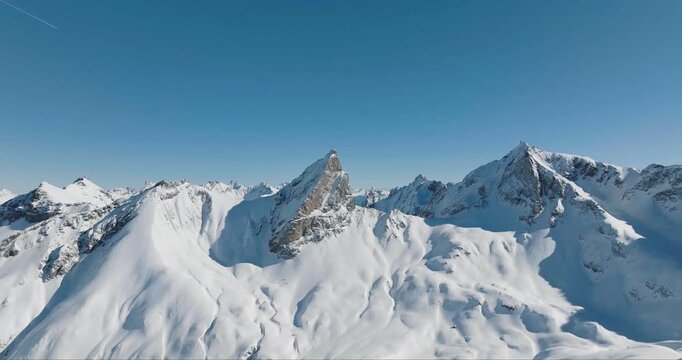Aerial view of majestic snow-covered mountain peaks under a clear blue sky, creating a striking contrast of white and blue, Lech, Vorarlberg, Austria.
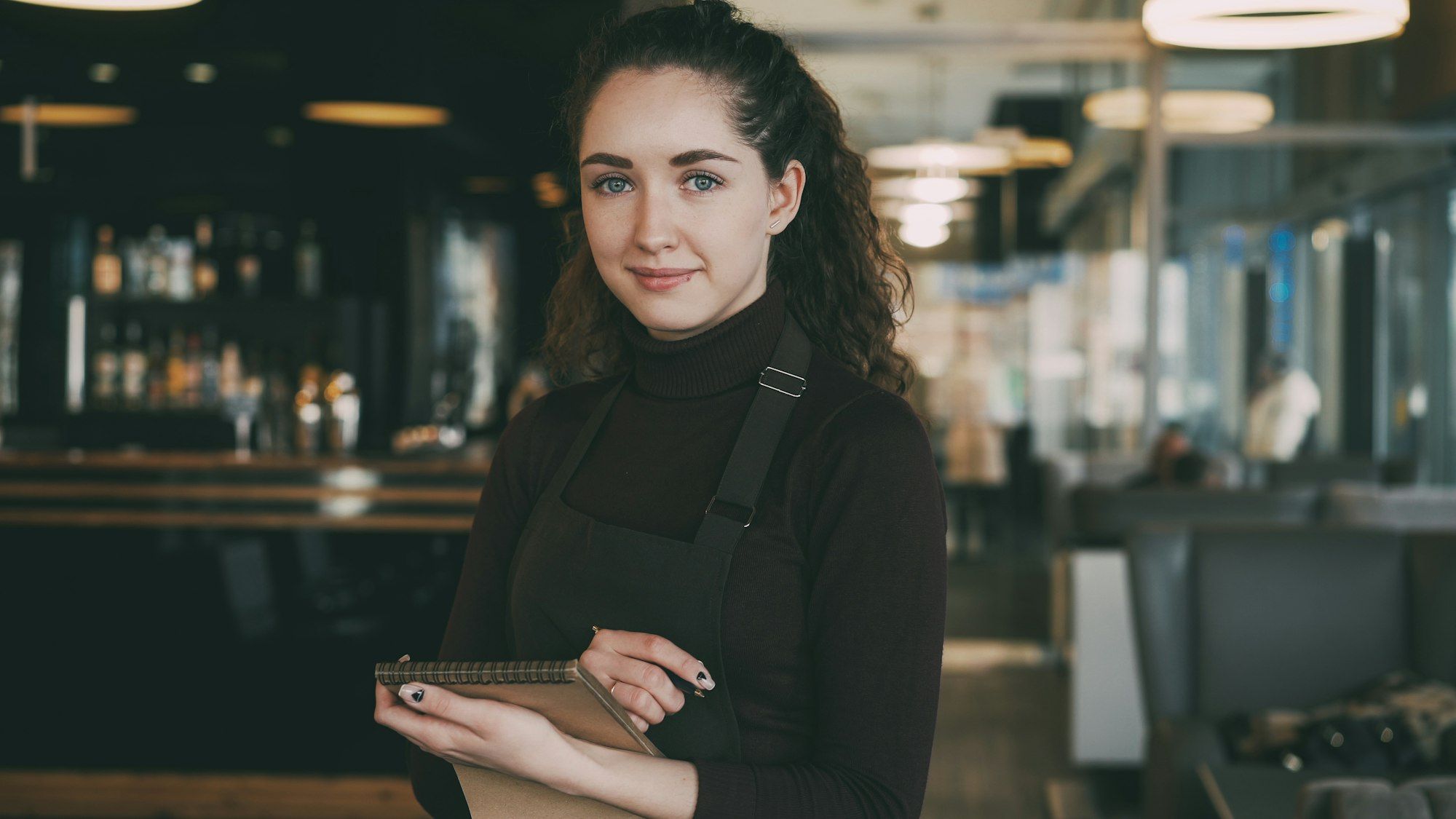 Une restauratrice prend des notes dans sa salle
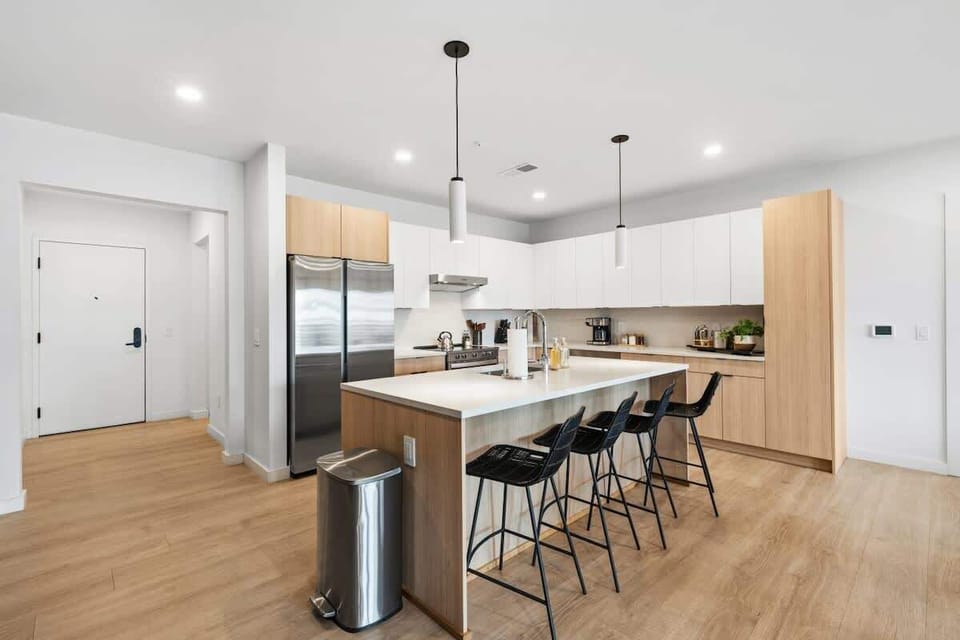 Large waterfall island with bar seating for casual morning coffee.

Task instructions:
Pictures are to be left out; the rest of the listing should be printed exactly.

Expected output:
Aerial view of majestic snow-covered mountain peaks under a clear blue sky, creating a striking contrast of white and blue, Lech, Vorarlberg, Austria.
 Une restauratrice prend des notes dans sa salle
 Large waterfall island with bar seating for casual morning coffee.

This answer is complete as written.